**Task details**
Copy out the whole listing exactly as given. Skip the pictures.

**Dataset content**

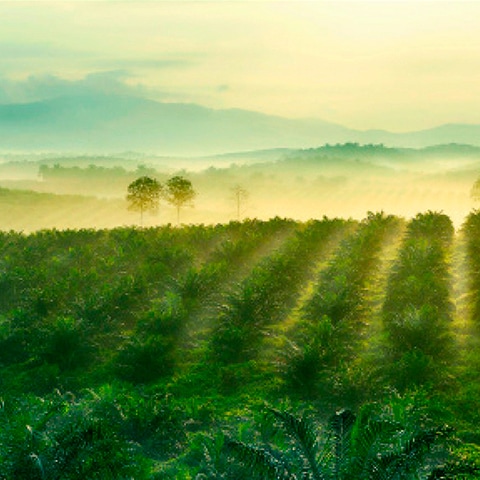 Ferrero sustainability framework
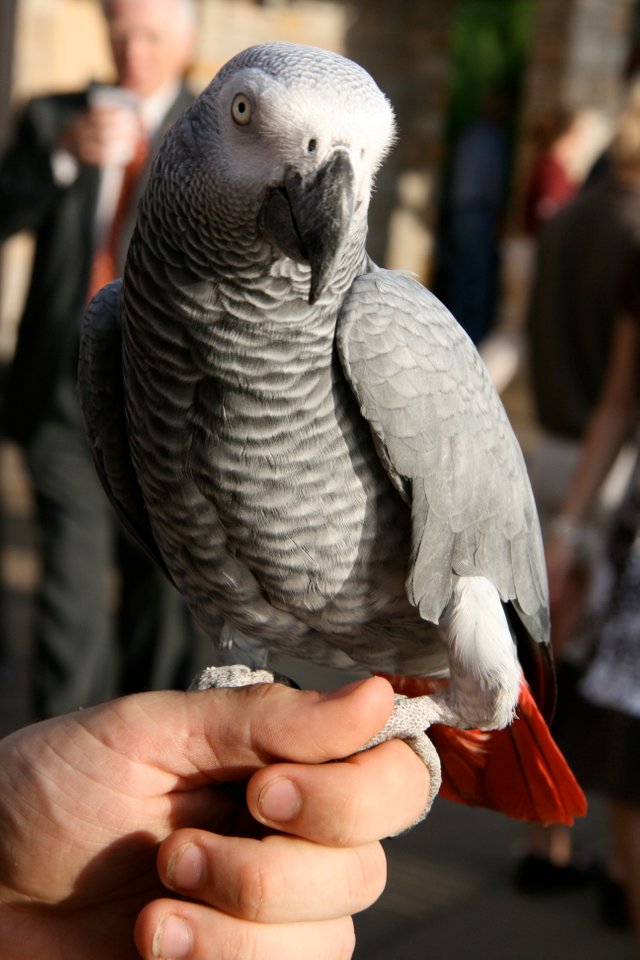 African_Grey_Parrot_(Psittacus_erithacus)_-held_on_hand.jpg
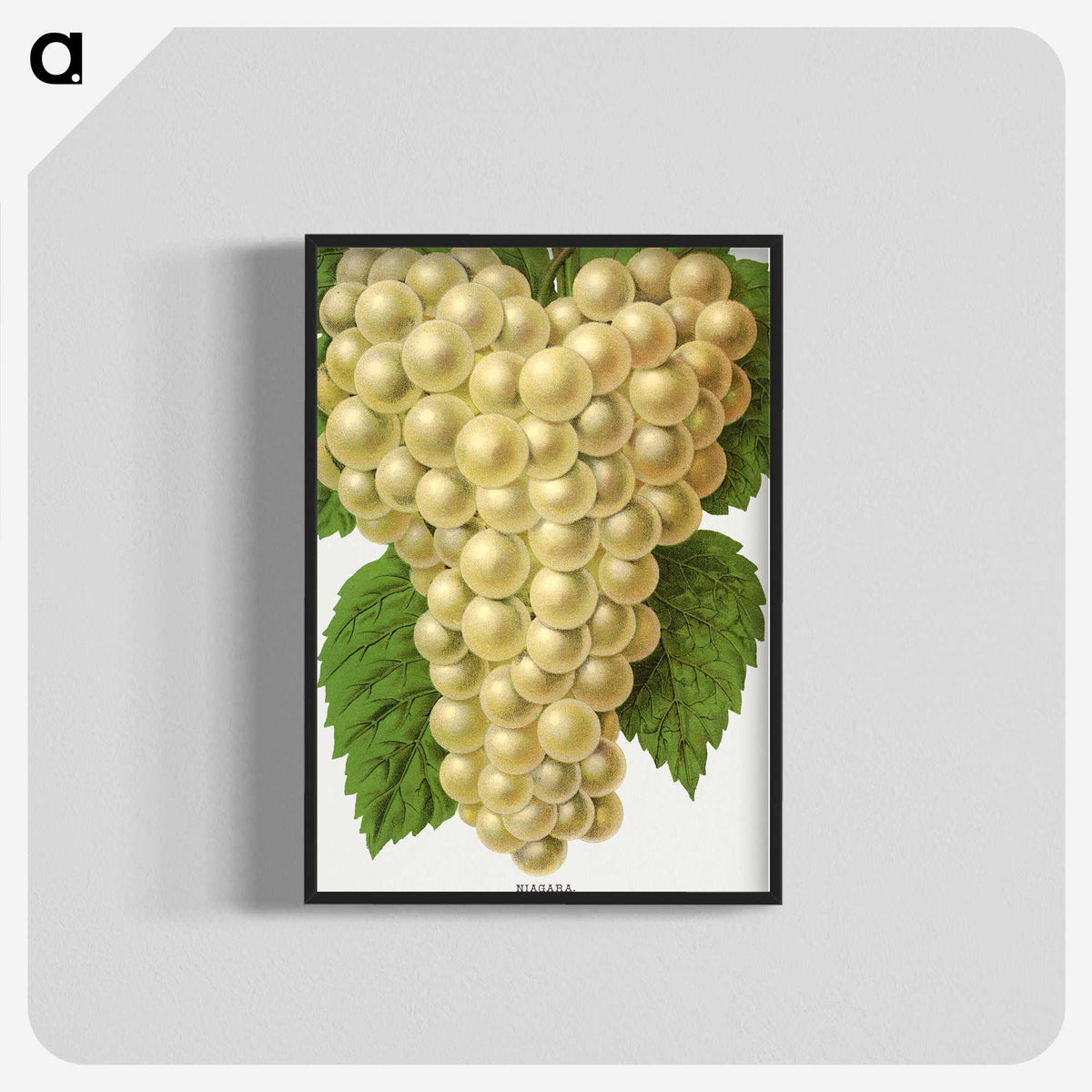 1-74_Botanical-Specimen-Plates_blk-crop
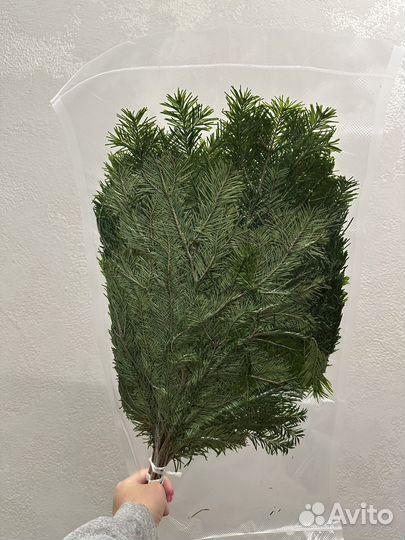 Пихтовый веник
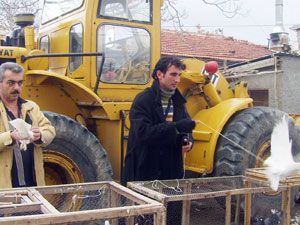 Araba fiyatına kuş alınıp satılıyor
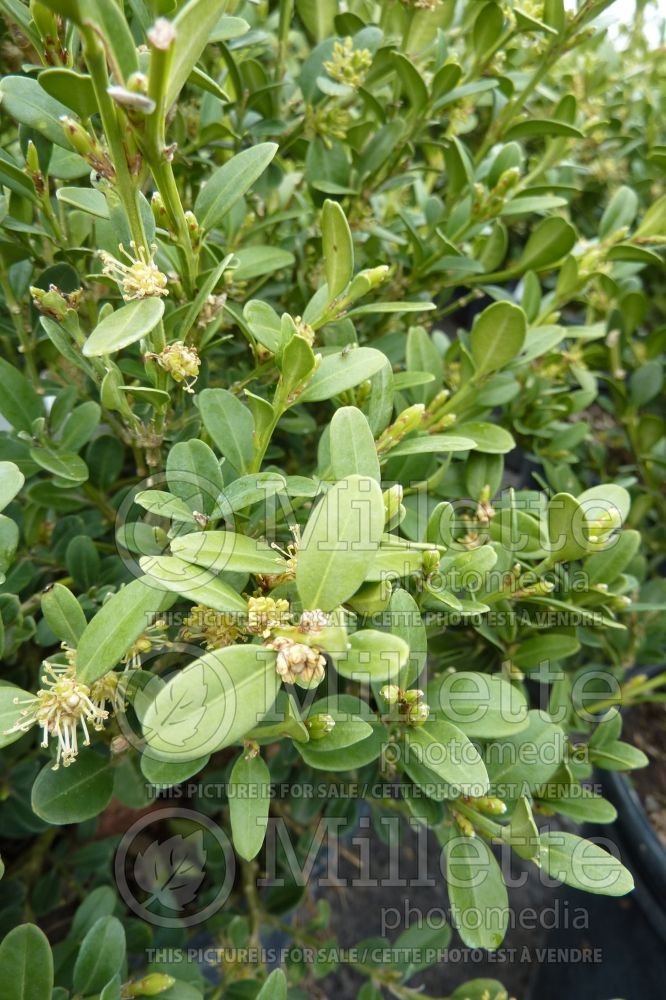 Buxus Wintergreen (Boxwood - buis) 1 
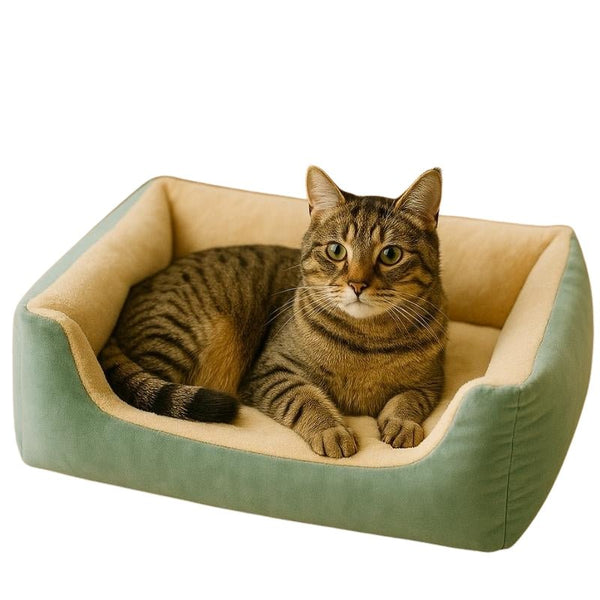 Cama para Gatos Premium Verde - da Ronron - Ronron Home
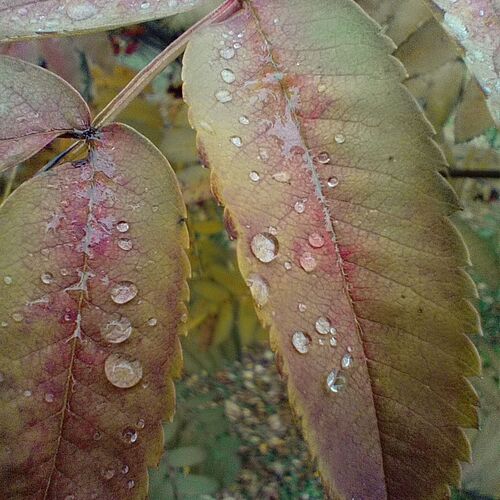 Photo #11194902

**Your response**
 Ferrero sustainability framework
 African_Grey_Parrot_(Psittacus_erithacus)_-held_on_hand.jpg
 1-74_Botanical-Specimen-Plates_blk-crop
 Пихтовый веник
 Araba fiyatına kuş alınıp satılıyor
 Buxus Wintergreen (Boxwood - buis) 1 
 Cama para Gatos Premium Verde - da Ronron - Ronron Home
 Photo #11194902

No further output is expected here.